- **Extracted records**:

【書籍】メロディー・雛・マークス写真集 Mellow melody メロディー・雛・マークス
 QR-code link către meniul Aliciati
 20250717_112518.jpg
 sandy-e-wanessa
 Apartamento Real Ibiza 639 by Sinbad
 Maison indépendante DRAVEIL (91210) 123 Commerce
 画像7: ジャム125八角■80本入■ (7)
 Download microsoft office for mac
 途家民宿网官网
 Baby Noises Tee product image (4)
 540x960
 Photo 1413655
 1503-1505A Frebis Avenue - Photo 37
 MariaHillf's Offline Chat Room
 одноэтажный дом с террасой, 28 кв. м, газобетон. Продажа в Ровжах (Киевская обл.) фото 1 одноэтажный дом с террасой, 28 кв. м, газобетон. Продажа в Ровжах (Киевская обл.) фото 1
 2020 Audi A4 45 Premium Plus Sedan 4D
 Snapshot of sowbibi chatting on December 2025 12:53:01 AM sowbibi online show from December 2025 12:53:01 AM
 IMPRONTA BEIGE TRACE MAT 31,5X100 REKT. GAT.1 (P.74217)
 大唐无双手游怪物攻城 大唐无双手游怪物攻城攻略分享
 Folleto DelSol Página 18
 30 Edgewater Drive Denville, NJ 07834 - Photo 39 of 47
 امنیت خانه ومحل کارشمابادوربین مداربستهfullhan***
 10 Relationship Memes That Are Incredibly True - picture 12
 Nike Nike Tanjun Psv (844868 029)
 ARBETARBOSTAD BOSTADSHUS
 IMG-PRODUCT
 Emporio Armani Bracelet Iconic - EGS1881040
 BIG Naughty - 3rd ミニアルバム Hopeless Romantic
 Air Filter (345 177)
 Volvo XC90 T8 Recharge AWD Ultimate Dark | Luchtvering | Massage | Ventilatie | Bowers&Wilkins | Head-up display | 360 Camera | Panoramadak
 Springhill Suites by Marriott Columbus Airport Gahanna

- **Your objective**: What is needed is an exact transcription of every record above.

- **Exercise result**:
【書籍】メロディー・雛・マークス写真集 Mellow melody メロディー・雛・マークス
 QR-code link către meniul Aliciati
 20250717_112518.jpg
 sandy-e-wanessa
 Apartamento Real Ibiza 639 by Sinbad
 Maison indépendante DRAVEIL (91210) 123 Commerce
 画像7: ジャム125八角■80本入■ (7)
 Download microsoft office for mac
 途家民宿网官网
 Baby Noises Tee product image (4)
 540x960
 Photo 1413655
 1503-1505A Frebis Avenue - Photo 37
 MariaHillf's Offline Chat Room
 одноэтажный дом с террасой, 28 кв. м, газобетон. Продажа в Ровжах (Киевская обл.) фото 1 одноэтажный дом с террасой, 28 кв. м, газобетон. Продажа в Ровжах (Киевская обл.) фото 1
 2020 Audi A4 45 Premium Plus Sedan 4D
 Snapshot of sowbibi chatting on December 2025 12:53:01 AM sowbibi online show from December 2025 12:53:01 AM
 IMPRONTA BEIGE TRACE MAT 31,5X100 REKT. GAT.1 (P.74217)
 大唐无双手游怪物攻城 大唐无双手游怪物攻城攻略分享
 Folleto DelSol Página 18
 30 Edgewater Drive Denville, NJ 07834 - Photo 39 of 47
 امنیت خانه ومحل کارشمابادوربین مداربستهfullhan***
 10 Relationship Memes That Are Incredibly True - picture 12
 Nike Nike Tanjun Psv (844868 029)
 ARBETARBOSTAD BOSTADSHUS
 IMG-PRODUCT
 Emporio Armani Bracelet Iconic - EGS1881040
 BIG Naughty - 3rd ミニアルバム Hopeless Romantic
 Air Filter (345 177)
 Volvo XC90 T8 Recharge AWD Ultimate Dark | Luchtvering | Massage | Ventilatie | Bowers&Wilkins | Head-up display | 360 Camera | Panoramadak
 Springhill Suites by Marriott Columbus Airport Gahanna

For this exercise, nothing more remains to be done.